EXERCISE PROMPT: Every line from the beginning of the records below up to the one holding "MCS-MAGNUM +12. Power" should be quoted exactly; leave out the rest.

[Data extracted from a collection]

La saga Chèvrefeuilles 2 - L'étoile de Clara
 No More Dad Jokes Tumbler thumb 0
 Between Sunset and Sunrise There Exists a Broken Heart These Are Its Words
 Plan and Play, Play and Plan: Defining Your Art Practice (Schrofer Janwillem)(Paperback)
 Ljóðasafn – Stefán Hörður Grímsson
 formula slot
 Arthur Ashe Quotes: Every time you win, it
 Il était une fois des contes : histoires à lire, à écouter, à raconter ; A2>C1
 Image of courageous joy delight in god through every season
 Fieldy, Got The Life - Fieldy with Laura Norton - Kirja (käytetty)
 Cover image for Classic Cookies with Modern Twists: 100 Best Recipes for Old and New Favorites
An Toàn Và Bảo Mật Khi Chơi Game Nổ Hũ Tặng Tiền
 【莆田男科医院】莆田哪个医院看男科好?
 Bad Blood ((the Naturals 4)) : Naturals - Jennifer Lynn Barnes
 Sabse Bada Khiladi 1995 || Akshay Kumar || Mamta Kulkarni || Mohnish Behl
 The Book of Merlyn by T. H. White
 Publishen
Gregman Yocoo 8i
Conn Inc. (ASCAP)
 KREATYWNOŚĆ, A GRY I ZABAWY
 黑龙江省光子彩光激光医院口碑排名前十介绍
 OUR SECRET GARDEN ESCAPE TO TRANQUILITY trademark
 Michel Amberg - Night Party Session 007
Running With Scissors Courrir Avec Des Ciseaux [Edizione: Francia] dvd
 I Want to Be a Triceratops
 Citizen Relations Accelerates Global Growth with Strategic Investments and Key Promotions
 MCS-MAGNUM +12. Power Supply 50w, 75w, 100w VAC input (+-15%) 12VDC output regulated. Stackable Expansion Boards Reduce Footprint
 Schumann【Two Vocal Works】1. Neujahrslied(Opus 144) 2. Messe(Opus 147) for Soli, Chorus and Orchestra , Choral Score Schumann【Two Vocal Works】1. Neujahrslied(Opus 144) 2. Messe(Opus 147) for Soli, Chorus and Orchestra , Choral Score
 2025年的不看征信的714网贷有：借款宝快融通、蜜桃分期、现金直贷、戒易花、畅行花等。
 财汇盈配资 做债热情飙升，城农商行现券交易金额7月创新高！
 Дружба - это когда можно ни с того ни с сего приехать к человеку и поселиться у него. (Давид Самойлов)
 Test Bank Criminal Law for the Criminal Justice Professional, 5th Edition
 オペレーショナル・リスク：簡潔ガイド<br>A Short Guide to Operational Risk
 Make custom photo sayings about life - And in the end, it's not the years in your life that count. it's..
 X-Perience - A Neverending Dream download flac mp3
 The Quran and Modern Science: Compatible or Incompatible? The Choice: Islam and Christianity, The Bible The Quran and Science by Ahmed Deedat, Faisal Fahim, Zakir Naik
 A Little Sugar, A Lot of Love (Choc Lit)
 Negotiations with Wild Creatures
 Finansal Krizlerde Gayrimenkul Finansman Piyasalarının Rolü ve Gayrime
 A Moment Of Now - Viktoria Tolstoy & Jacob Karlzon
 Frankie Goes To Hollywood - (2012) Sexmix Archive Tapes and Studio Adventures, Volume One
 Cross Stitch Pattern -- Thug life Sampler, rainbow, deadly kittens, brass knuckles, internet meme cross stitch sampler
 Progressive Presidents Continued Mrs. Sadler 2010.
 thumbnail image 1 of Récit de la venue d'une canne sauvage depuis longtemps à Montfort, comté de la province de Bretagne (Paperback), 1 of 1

WRITTEN RESPONSE:
La saga Chèvrefeuilles 2 - L'étoile de Clara
 No More Dad Jokes Tumbler thumb 0
 Between Sunset and Sunrise There Exists a Broken Heart These Are Its Words
 Plan and Play, Play and Plan: Defining Your Art Practice (Schrofer Janwillem)(Paperback)
 Ljóðasafn – Stefán Hörður Grímsson
 formula slot
 Arthur Ashe Quotes: Every time you win, it
 Il était une fois des contes : histoires à lire, à écouter, à raconter ; A2>C1
 Image of courageous joy delight in god through every season
 Fieldy, Got The Life - Fieldy with Laura Norton - Kirja (käytetty)
 Cover image for Classic Cookies with Modern Twists: 100 Best Recipes for Old and New Favorites
An Toàn Và Bảo Mật Khi Chơi Game Nổ Hũ Tặng Tiền
 【莆田男科医院】莆田哪个医院看男科好?
 Bad Blood ((the Naturals 4)) : Naturals - Jennifer Lynn Barnes
 Sabse Bada Khiladi 1995 || Akshay Kumar || Mamta Kulkarni || Mohnish Behl
 The Book of Merlyn by T. H. White
 Publishen
Gregman Yocoo 8i
Conn Inc. (ASCAP)
 KREATYWNOŚĆ, A GRY I ZABAWY
 黑龙江省光子彩光激光医院口碑排名前十介绍
 OUR SECRET GARDEN ESCAPE TO TRANQUILITY trademark
 Michel Amberg - Night Party Session 007
Running With Scissors Courrir Avec Des Ciseaux [Edizione: Francia] dvd
 I Want to Be a Triceratops
 Citizen Relations Accelerates Global Growth with Strategic Investments and Key Promotions
 MCS-MAGNUM +12. Power Supply 50w, 75w, 100w VAC input (+-15%) 12VDC output regulated. Stackable Expansion Boards Reduce Footprint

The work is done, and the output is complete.